Whether she liked it or not, Japanese singer/guitarist Ichiko Aoba had been hearing bagpipes all day since arriving in Edinburgh. She playfully mimicked their skirl – the most strident sound to pass her lips in the course of this fragrant concert, at which she was accompanied by a string quintet from the Scottish Chamber Orchestra.

Her light, breathy vocals inhabited a pretty, hypnotic folk pop realm, redolent of Francoise Hardy, Astrud Gilberto or Scotland’s Isobel Campbell, while she emanated a demure serene presence, tempered with a Björk-like gamine eccentricity, which captured the very mixed audience in the palm of her hand. Her own plangent guitar picking was complemented by the almost retro romantic settings of the strings.
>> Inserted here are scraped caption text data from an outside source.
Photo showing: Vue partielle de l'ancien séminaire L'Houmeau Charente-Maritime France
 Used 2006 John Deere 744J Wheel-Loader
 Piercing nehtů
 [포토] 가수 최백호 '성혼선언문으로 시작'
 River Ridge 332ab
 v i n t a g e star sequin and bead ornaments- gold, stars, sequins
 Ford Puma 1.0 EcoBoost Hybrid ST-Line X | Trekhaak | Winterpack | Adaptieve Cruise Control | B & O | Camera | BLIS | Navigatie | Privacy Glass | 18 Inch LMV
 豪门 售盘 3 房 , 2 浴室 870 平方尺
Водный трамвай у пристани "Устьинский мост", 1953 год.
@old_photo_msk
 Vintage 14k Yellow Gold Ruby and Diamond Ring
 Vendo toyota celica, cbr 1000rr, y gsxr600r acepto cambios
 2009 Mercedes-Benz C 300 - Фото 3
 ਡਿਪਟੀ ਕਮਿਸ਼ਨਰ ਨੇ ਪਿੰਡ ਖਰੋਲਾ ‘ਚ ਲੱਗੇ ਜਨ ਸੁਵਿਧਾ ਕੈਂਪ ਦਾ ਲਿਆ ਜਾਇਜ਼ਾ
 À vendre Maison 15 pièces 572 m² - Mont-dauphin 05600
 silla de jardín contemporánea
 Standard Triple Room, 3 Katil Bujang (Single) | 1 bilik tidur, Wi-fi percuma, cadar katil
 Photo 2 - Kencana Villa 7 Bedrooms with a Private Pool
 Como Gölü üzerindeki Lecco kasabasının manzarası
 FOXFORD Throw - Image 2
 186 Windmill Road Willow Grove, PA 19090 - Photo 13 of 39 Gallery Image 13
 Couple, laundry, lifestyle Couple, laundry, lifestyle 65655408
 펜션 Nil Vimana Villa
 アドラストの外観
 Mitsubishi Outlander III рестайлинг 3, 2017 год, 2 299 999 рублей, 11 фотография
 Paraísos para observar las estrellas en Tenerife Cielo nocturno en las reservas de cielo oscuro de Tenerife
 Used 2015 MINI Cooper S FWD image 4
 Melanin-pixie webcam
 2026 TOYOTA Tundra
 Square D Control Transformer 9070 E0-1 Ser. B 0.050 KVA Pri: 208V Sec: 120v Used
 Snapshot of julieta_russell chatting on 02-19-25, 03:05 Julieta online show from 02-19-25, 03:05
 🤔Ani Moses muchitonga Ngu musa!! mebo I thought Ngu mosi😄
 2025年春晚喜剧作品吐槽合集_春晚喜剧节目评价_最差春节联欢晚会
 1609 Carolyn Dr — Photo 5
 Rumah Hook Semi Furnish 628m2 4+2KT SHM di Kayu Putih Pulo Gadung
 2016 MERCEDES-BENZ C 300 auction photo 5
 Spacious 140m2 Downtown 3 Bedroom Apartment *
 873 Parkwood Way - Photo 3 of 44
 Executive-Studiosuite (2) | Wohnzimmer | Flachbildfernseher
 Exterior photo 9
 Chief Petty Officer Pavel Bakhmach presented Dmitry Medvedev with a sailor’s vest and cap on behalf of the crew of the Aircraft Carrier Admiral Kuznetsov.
For non-Japanese speakers, the lyrics were an enchanting mystery, inspired apparently by her dreams. There was a brief pivot to a more plaintive tone with trembling backing, before she returned to the gossamer delicacy with a timeless tune, like a smitten song in an old musical, accompanied by hand gestures and wilting strings. There was a blithe sweetness to one number, introduced as a new song, before she finished up with the dainty reverie of her recent single, Space Orphans.

Fiona Shepherd

MUSIC

Albrecht Mayer & Friends *****

Queen’s Hall

“Have fun!” chuckled Bavarian oboist Albrecht Mayer as a sign-off to one of his witty spoken introductions in his recital with three string-playing colleagues. A lot of fun it all was – both for listeners, and evidently for the quartet of players too. The concert’s title was spot-on: there was noticeable warmth and a sense of support and enjoyment on stage, one that spread out quickly into the audience.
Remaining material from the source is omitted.